Upon extracting the file, navigating to report_name\great_expectations\uncommitted\data_docs\local_site will show a directory with an index.html file within it. Opening the HTML file within a browser will take you to the Great Expectations validation run browser with a summary of validation of this run being shown.
Pressing this summary will take you to the full report.
This pipeline validates data through the use of Great Expectations. As a result, data not conforming to the defined expectations will fail and this new data will not be eligble for merging into the main repository. If this occurs then you will need to correct the errors in new_golden as defined in the validation report.

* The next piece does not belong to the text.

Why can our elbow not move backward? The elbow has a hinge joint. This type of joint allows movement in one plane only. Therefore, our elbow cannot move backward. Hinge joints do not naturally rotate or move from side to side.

Great Expectations does not raise any exceptions when a datasource fails a validation test, thus there is no automatic roll-back when this happens. Instead, it always creates a file called new_golden.json when it merges the new data with the original. You will either need to correct the data from the source file and re-run part of the pipeline using the "merge_only" workflow, or you will need to manually correct the data within the new_golden.json file and re-run the validation part of the pipeline by triggering the "revalidate" workflow. As this is in a Git repo, you will need to pull the changes locally in order to make your fixes.
If you have manually corrected the data and would like to re-run the validation locally, then you can use great_expectations --v3-api checkpoint run main-val
to do so. The report will be located in great_expecations\uncommitted\data_docs\local_site; this report will not be comitted, meaning even if you do this, you will still need to rerun the revalidate workflow when these changes are pushed to this repo.

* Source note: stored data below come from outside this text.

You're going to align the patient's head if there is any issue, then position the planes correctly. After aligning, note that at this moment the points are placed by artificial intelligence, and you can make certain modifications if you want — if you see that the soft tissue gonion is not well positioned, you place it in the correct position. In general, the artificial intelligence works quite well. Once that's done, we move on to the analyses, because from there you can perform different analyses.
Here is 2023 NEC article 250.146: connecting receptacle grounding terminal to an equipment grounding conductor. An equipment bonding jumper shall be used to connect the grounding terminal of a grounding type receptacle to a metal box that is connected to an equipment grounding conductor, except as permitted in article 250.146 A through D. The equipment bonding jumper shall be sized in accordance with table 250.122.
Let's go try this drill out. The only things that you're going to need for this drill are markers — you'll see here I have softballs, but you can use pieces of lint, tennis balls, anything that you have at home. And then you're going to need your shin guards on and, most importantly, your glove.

This pipeline does not currently generate a PR request automatically, this could be a point of interest to pursue in the future. For now, you will need to make a new branch from the data-collection-and-prep repository and replace the existing golden.json file with your modified one. When you make the PR to merge your branch into main, you will need to attach the validation report within the description so reviewers can download and review it. This should be straight-forward to review and is more of a confirmation rather than a proper review as the validation file should always be a 100% success. Whenever this is done, also be sure to update the golden.json file within FinalFile in this repository.
A few features that will either need to be added in, or should be added in are:
-
MTurk Integration
- The pipeline should also have MTurk as one of its datasources.
-
JSON DIFF
- A stage called JSONDIFF should be added in. This stage would simply produce a JSON diff file between the new json file created within the Update stage and the golden JSON file prior to having these changes merged in.
- When this stage is added, the JSON DIF file should be attached with the validation report when submitting a PR.
- A few resources mentioned have been:
-
Automatic PR
- Upon a successful Pipeline workflow completion, a PR should be automatically created for the data-collection-and-prep repository.
- This would mean the only human intervention needed would either to approve a PR, or to fix faulty data in the case of a failed validation.